Scene Point Blank: Unlike most DIY bands now a days, you guys seem to have strayed away from releasing albums on vinyl. Any reason why you decided to do releases on CD rather then vinyl?
Al: We self release most everything under the name Metaphysics Records, which Jeremy started to put out the first Hobis CD six or seven years ago. Its hard, and most of the time we can only afford to put out a CD. Hobis and Dawn Treader both have vinyl though, so we aren't at all opposed to it, its just something we do when we can afford to. I think The Summer Went West has some split records in the works...
Anton: It wasn't really a conscious decision to stay away from vinyl. As a group all of us have put out a lot of records, Dawn Treader has a 7" and a split 12", Hobis has a split 7", Bezout's Identity (a project with just me and Al in it) has done a split 7" with Peter and Craig. I think we just figured that as a first release for The Summer We Went West it was better to do it as a CD.
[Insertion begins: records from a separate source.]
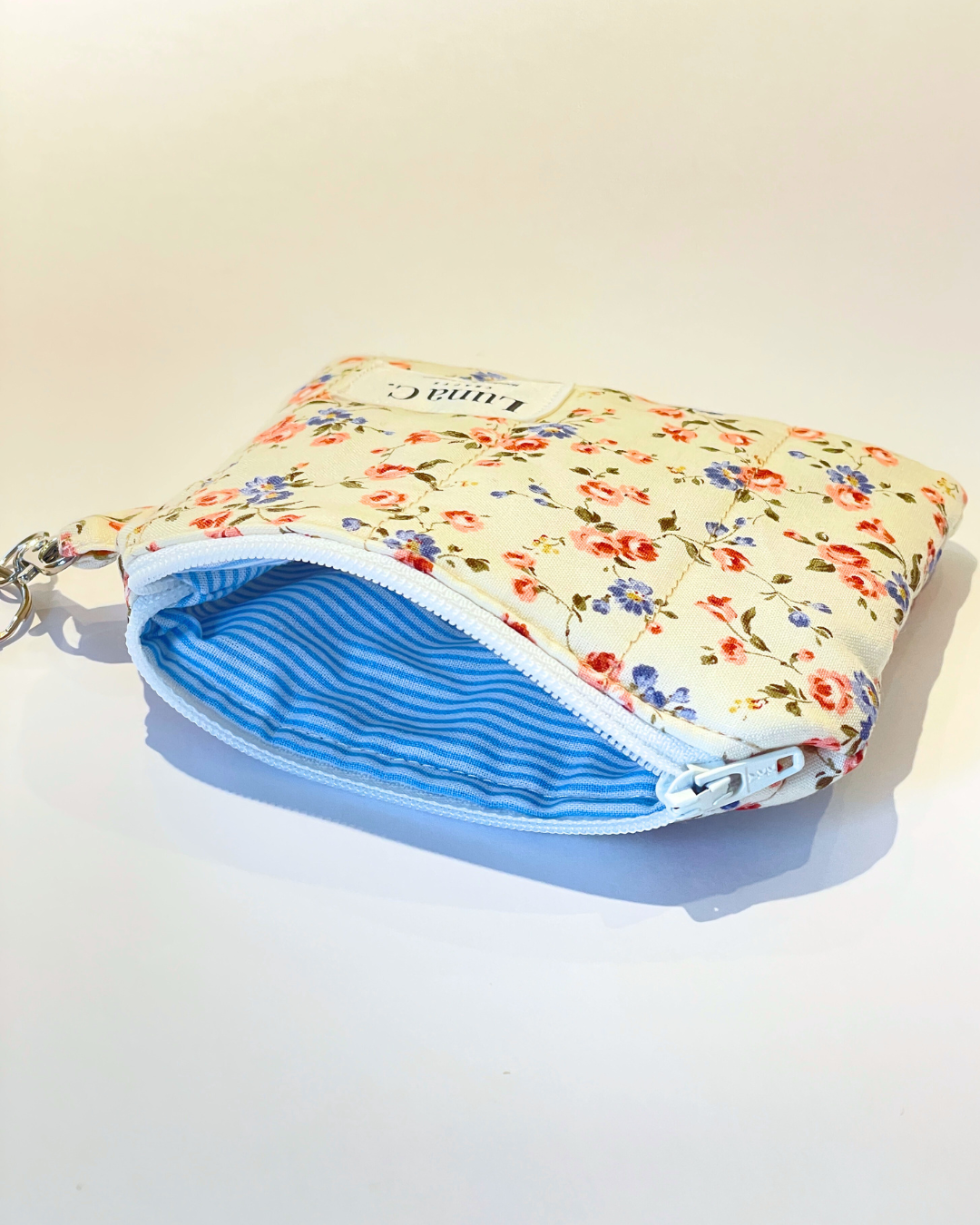 Light Cream with Pink Florals Quilted Keychain Wallet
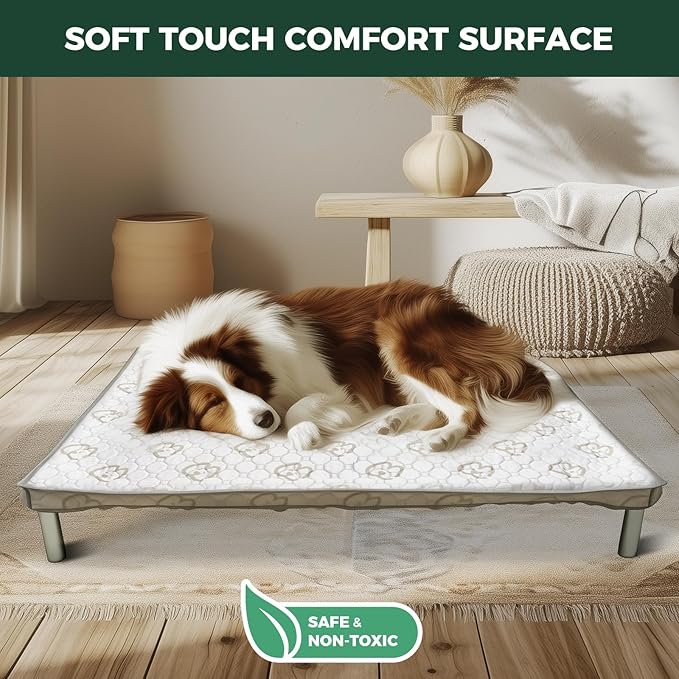 FXW TitanNest Chew-Proof Elevated Dog Bed, Raised Cot for Indoor/Outdoor/Camping Use, Durable & Washable Padded Pet Bed with Exclusive Cover for Large Dogs, 47.0" L x 29.0" W x 7.3" H, Black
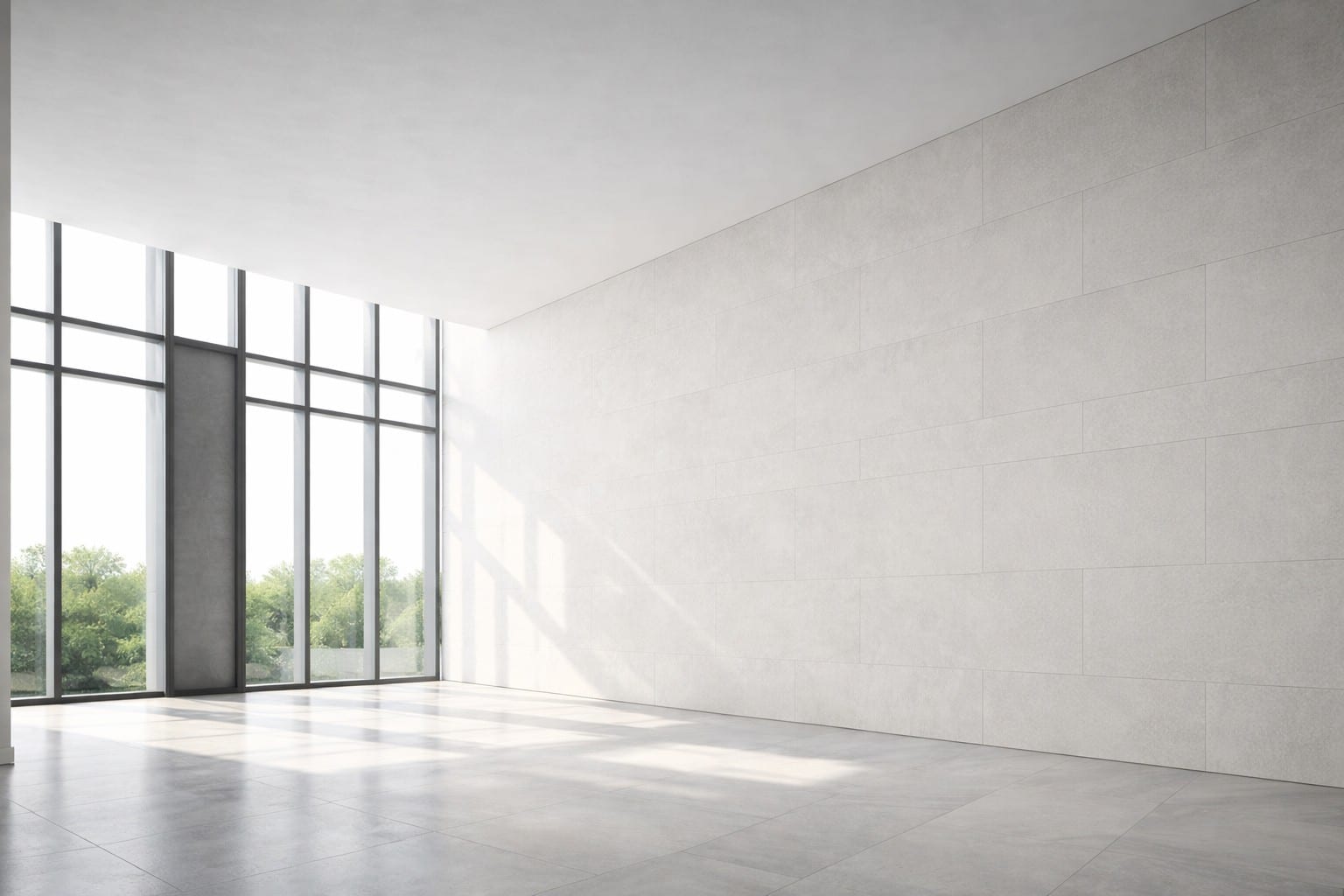 Bright modern living room with natural daylight and clean mineral wall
Scene Point Blank: You guys are self-described as drunken indie rock." Does the Summer We Went Went prefer liquor or beer?
Anton: I prefer liquor. Whiskey. But I'll drink just about anything really. In Olympia we played a show at The Witch House, but the show got shut down and had to be moved to another house. I had been drinking whiskey all night by this point and was so wasted for the show that I don't even remember what happened. I just woke up in the van the next morning in a parking lot. After that I made a mental note to not start drinking whiskey till I was about to play. It's all about timing.
Al: I prefer liquor followed by beer. Just beer takes too long.
Erik: I prefer wine.
Scene Point Blank: What is the song writing process for you guys? Is it a collective effort lyrically, or does Erik write most of the lyrics?
Anton: Musically we tend to just get together in the basement, hang out for a bit, and jam on random riffs that people have here or there and see what happens. It seems to work out; we're not really ever too stressed about anything. Lyrically, everyone writes what they individually sing. The songs on our first full-length, Following The Holy Moon Goddess, Erik wrote and sang everything, but as we progress as a band everyone is becoming more lyrically involved. New songs will have three or four intertwining topics each sung by a different person. Again, we're usually just totally shit-faced so its whatever we feel like doing.
Al: I usually end up asking Erik what he's singing about and try to come up with something along those lines. Erik does do most of the singing so the rest of us only have two or three lines to sing anyway.
Erik: For writing songs, I have an idea then I just sort of yell shit along with the music and then write what comes out. I find it usually comes out best this way.
Scene Point Blank: What are the future plans for the band. Are you guys planning on sticking together after school is over?
Erik: I see us probably playing music together, for a bit at least.
Anton: For the time being I think we're going to stick together as long as possible. There was talk after Erik and I graduated to all move to San Francisco, but I don't know if that's going to happen. Jeremy graduated last year and has thankfully stuck around to do music with all of us. I'm really glad too because it's been awesome and more rewarding than anything else I've done, that's for sure.